Amrein and Berliners 2002 paper, High-Stakes Testing, Uncertainty, - TopicsExpress



          

Amrein and Berliners 2002 paper, High-Stakes Testing, Uncertainty, and Student Learning, should have put an end to high-stakes testing, but it didnt. Their conclusions following an exhaustive study: “What shall we make of all this? At the present time, there is no compelling evidence from a set of states with high-stakes testing policies that those policies result in transfer to the broader domains of knowledge and skill for which high-stakes test scores must be indicators. Because of this, the high-stakes tests being used today do not, as a general rule, appear valid as indicators of genuine learning, of the types of learning that approach the American ideal of what an educated person knows and can do. Moreover, as predicted by the Heisenberg Uncertainty Principle, data from high-stakes testing programs too often appear distorted and corrupted.” “Both the uncertainty associated with high-stakes testing data, and the questionable validity of high-stakes tests as indicators of the domains they are intended to reflect, suggest that this is a failed policy initiative.

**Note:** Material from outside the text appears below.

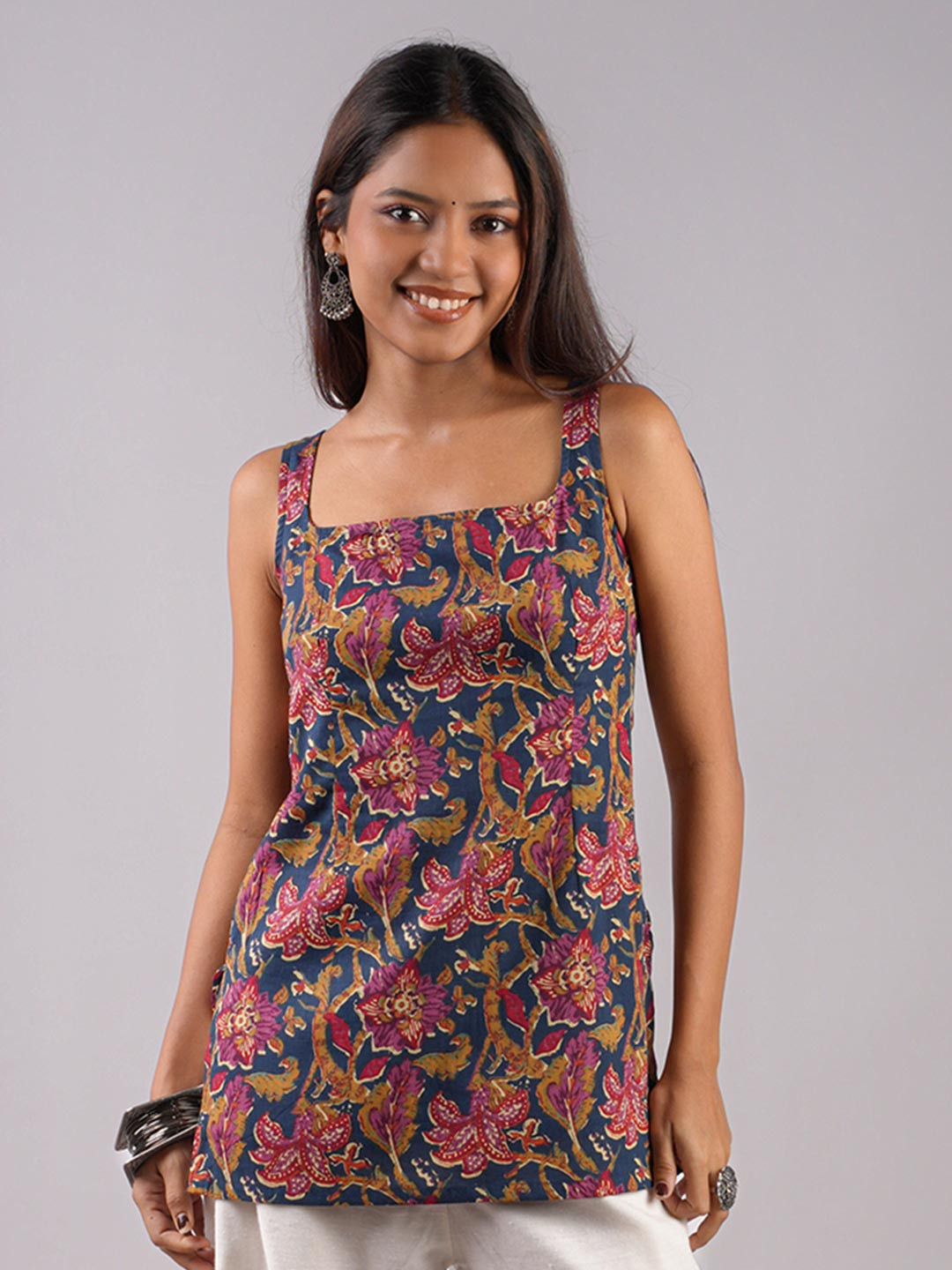 NISHORAMA Floral Printed Square Neck Pure Cotton Kurti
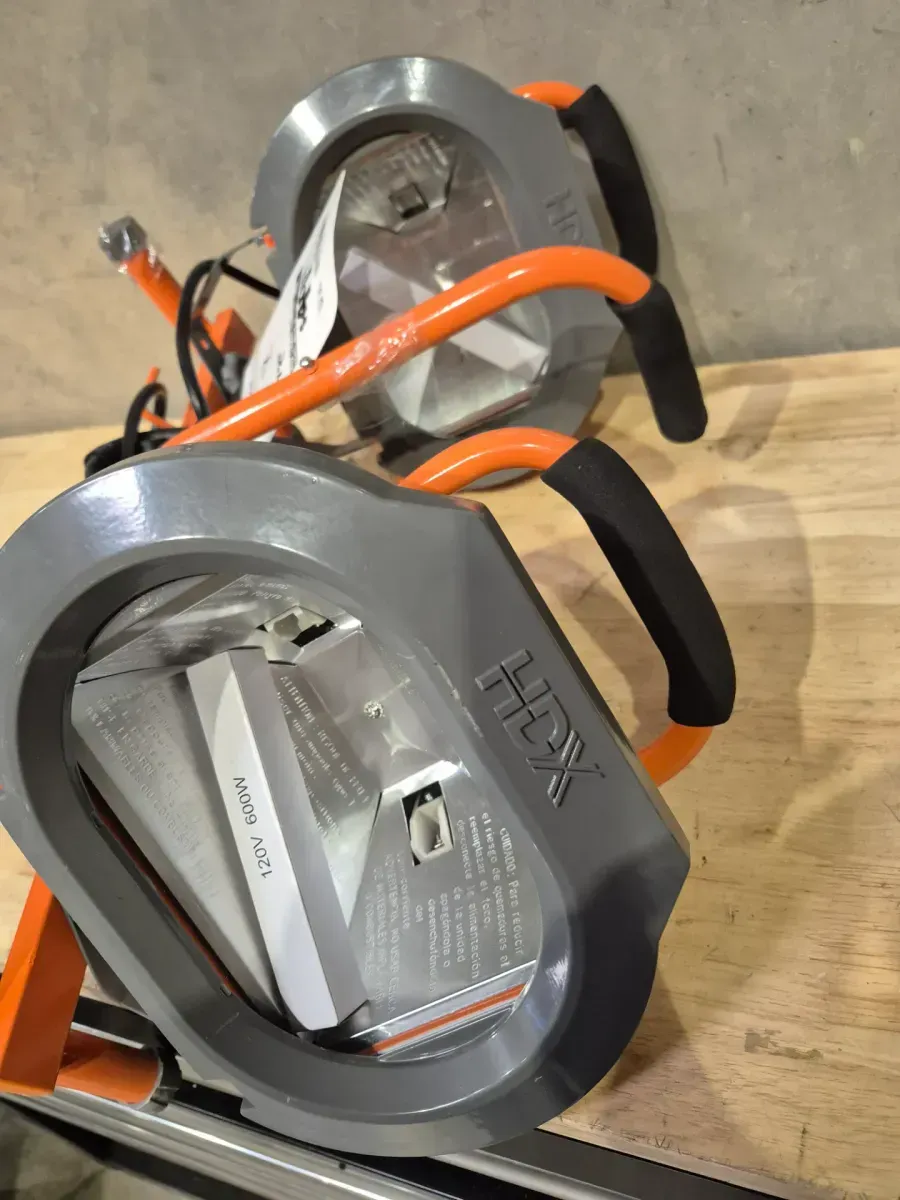 1200 watt tripod work light (10,000-Lumen Twin-Head LED Work Light) - image 3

High-stakes testing policies are not now and may never be policies that will accomplish what they intend. Could the hundreds of millions of dollars and the billions of person hours spent in these programs be used more wisely? Furthermore, if failure in attaining the goals for which the policy was created results in disproportionate negative affects on the life chances of Americas poor and minority students, as it appears to do, then a high-stakes testing policy is more than a benign error in political judgment. It is an error in policy that results in structural and institutional mechanisms that discriminate against all of Americas poor and many of Americas minority students. It is now time to debate high-stakes testing policies more thoroughly and seek to change them if they do not do what was intended and have some unintended negative consequences, as well.”